L’undici marzo il ministro Terzi batte tutti in velocità e annuncia che i marò non torneranno in India dalla loro licenza elettorale. Vengono avanzate motivazioni giuridiche opinabili ma anche difendibili, tra le quali non figura tuttavia il timore della pena capitale. Non è esatto dire che Palazzo Chigi e Quirinale non fossero informati, ma quella di Terzi sembra essere una volontà di bruciare le tappe rispetto a percorsi più graduali previsti al vertice del governo e sul colle più alto.
In questa fase risulta già evidente una carenza di coordinamento forse spiegabile con le altre urgenze dell’ora, ma si fa anche pesantemente sentire la mancanza di un organo collegiale sul modello del Consiglio per la sicurezza nazionale esistente in altri Paesi e sempre affossato in Italia dalle gelosie dei vari ministri. Non basta. Quando l’India reagisce accusando (giustamente) l’Italia di essere venuta meno alla parola data e limitando (illegittimamente) la libertà di movimento del nostro ambasciatore, si scopre che nessuno da noi si è dato la pena di prevedere le più che probabili risposte di Nuova Delhi. Si mormora che «in fondo gli indiani saranno contenti di non avere più questa grana», impazza una dietrologia d’accatto, ma non risultano approfondimenti seri sul nazionalismo dell’India, sulla sua politica ormai pre-elettorale, sulle sue leggi, sul fattore per noi negativo della origine italiana di Sonia Gandhi. Davvero nessuno era in grado di produrre una analisi necessaria al processo decisionale, in quelle ore?

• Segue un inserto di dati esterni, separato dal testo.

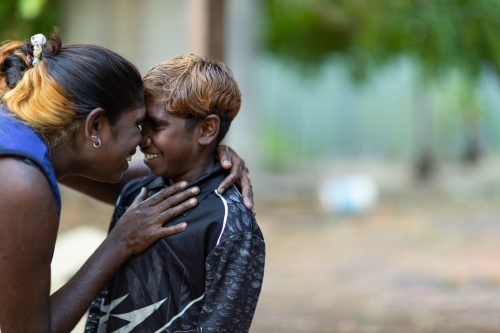 mother squashing her face up close to her son with blurred background - Australian Stock Image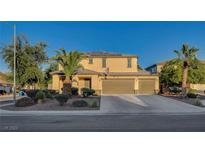 Beautiful two-story house with a three-car garage and landscaped yard at 6012 Valley Flower St, North Las Vegas, NV 89081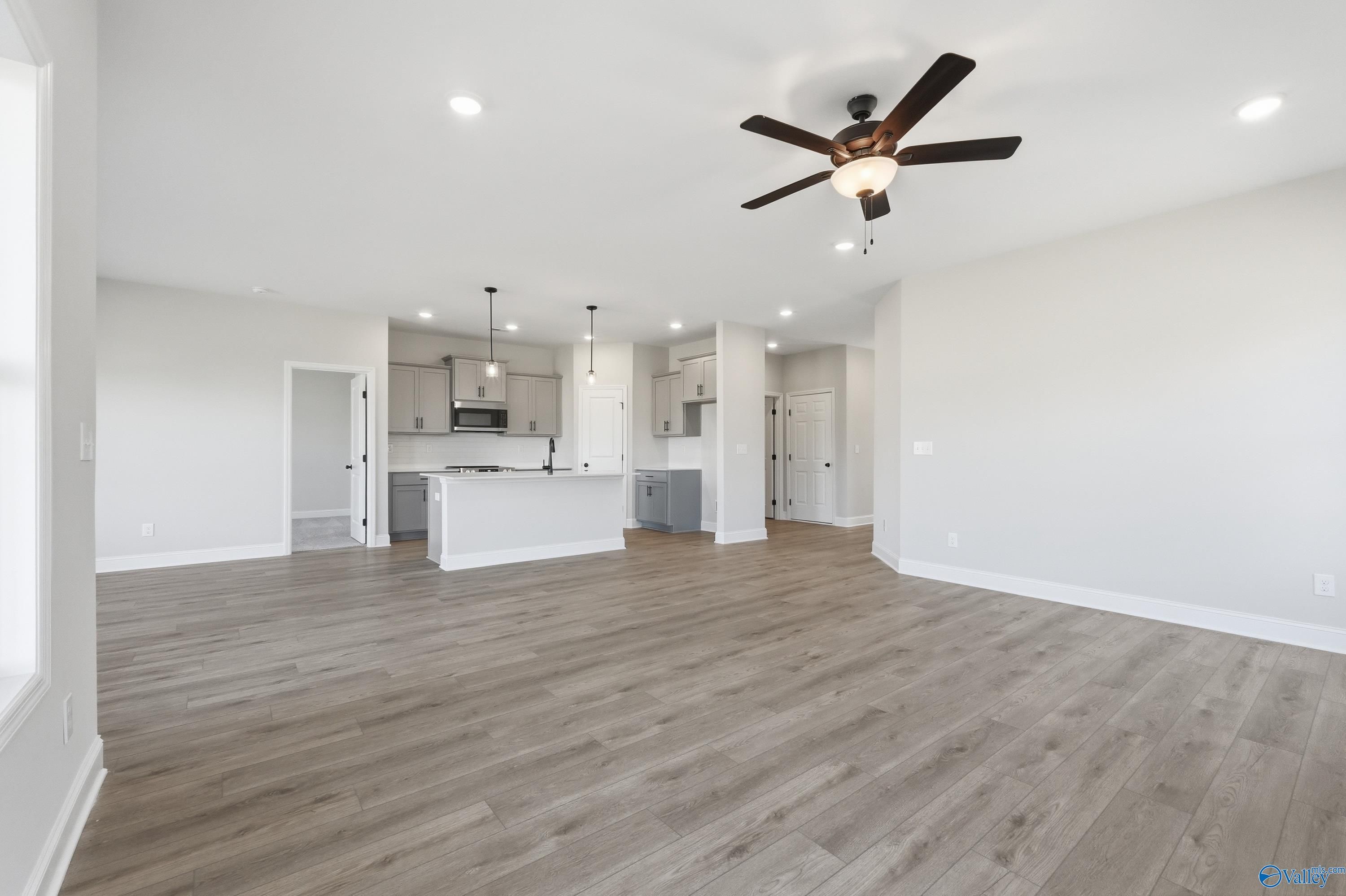 Open-concept kitchen with white cabinets, island, and stainless appliances in 3-bedroom Davidson Homes Franklin C, New Market, AL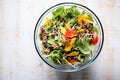 overhead shot of a mixed taco salad in a glass dish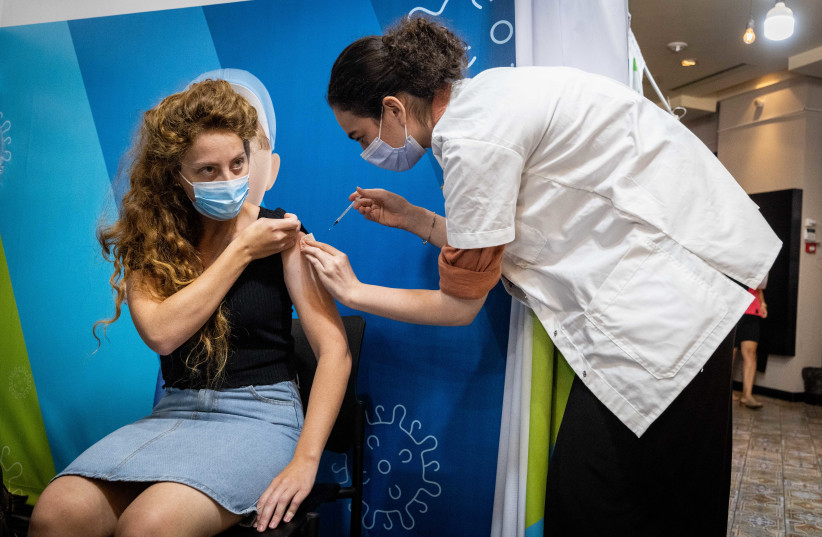  A woman receives a dose of the COVID-19 vaccine at a temporary Clalit health care center in Jerusalem, September 30, 2021.  (credit: YONATAN SINDEL/FLASH90)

I giorni passano, le minacce indiane diventano anche economiche, e il governo decide di cambiare rotta con l’appoggio del Quirinale. Rendersi conto di un errore è cosa meritevole. Ma il contro-giro di valzer va amministrato con cura, non quando l’aereo che deve riportare in India i marò ha già i motori accesi perché scade la «licenza», non spiegando di aver ricevuto garanzie sull’inapplicabilità della pena di morte che sono soltanto chiarimenti richiesti e già noti il dieci marzo. Terzi si oppone, è vero. Ed è vero che la somma delle due contraddittorie decisioni italiane alimenta la già avviata perdita di credibilità a prescindere da quale sia quella più giusta (la seconda, a nostro parere, anche se è stata mal gestita). Ma poi si aggiungono i «danni collaterali»: la nostra rete diplomatica all’estero viene poco e male informata, in molti casi non sa dare spiegazioni ai nostri esterrefatti interlocutori, uno sbandamento generale diventa palese.
E così ora, dopo le dimissioni di Terzi che il presidente Napolitano ha definito «irrituali» dando ancora una volta prova di misura, ci troviamo a dover ricostruire rapidamente l’efficacia della nostra diplomazia. Magari con qualche idea nuova. Dopotutto davanti al tribunale speciale di Nuova Delhi tra poco (speriamo) si aprirà il processo. E i due fucilieri di Marina meritano almeno di non avere il vuoto dietro le spalle.